We paid our admission and wandered around, it wasn't much of a castle really, but had some good viewpoints over the city. We fortified ourselves with some coffee and hot chocolate (which was literally melted chocolate), and then we were off again to Tivoli Park, on the other side of the river. The park was laid out during the French imperial administration of Ljubljana in 1813 and named after the Parisian Jardins de Tivoli. The main reason we headed out this way was to go to the Hot Horse cafĂ© which as the name suggests sells horse burgers. Alas it was closed, which was a bit of a relief really as Lou was still struggling to figure out the ethical dilemma of eating a horse. 

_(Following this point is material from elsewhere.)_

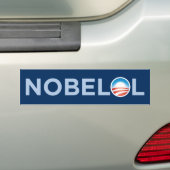 NOBELOL Autoaufkleber (Auf Auto)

So instead for lunch we came across this amazing little restaurant which was one of the highlights of our trip, the menu was all in Slovenian but the waiter spoke perfect English and basically said that we should have the 3 course set menu…we were hesitant and then Lou asked the price and we both agreed that the 8 Euros each was worth it! Unbelievably cheap, we had onion soup, a gorgeous salad and shared the mains of pork fillet and vegetable pasta and finished up with a fruit platter. Hamish also took the opportunity to sample the local brew, Union, which was extremely good as well. 

Feeling slightly food drunk and sleepy we stumbled out into the daylight and made the call to try and find somewhere to have a special New Year's Eve dinner that night. Unfortunately almost everywhere was booked up and the places that weren't only did set menus starting at 60 euros each which was just too steep. So we gave up and decided we would have Christmas market food for dinner and have a nice meal out the following day.

As it was New Year's eve we thought we should sample some of the local wine so we grabbed a bottle of Slovenian red wine (not just a normal bottle, a litre bottle) for a grand total of about $NZD 4…amazing. We settled in our hotel room and had a few drinks trying to conserve as much heat as possible before heading out again to the minus 4 degree temps. Lou has never worn so many clothes, 4 layers of thermals was the last count.

We repeated last night's dinner but this time splashed out and got some chips and we treated ourselves to a waffle for pudding as well. Lou also got a bit crazy and tried the Radler version of the Union beer, grapefruit flavour which was delicious. We kind of wandered around, unsure of what was going to happen, and then at about 11.50pm when Lou's body was literally aching with cold, we gathered with the rest of the Ljubljana locals outside the big clock and waited. The fireworks were incredible, a lot of people had brought bottles of champagne and at midnight they all popped them open, and everyone was just very jolly (i.e. drunk). No countdown though which was a bit of a shame, but I guess that’s because the town clock doesn't have a second's hand. So midnight had come and gone and we ducked around the corner to our hotel and went straight to sleep. I tell you what, being cold really makes you very tired!








Highlight: The lights, the fireworks, the mulled wine and the waffles. All magical
Lowlight: It was sooooo cold (for old lady Lou)!!!!
Interesting Fact: Slovenia is bordered by 4 countries, Italy, Austria, Hungary and Croatia.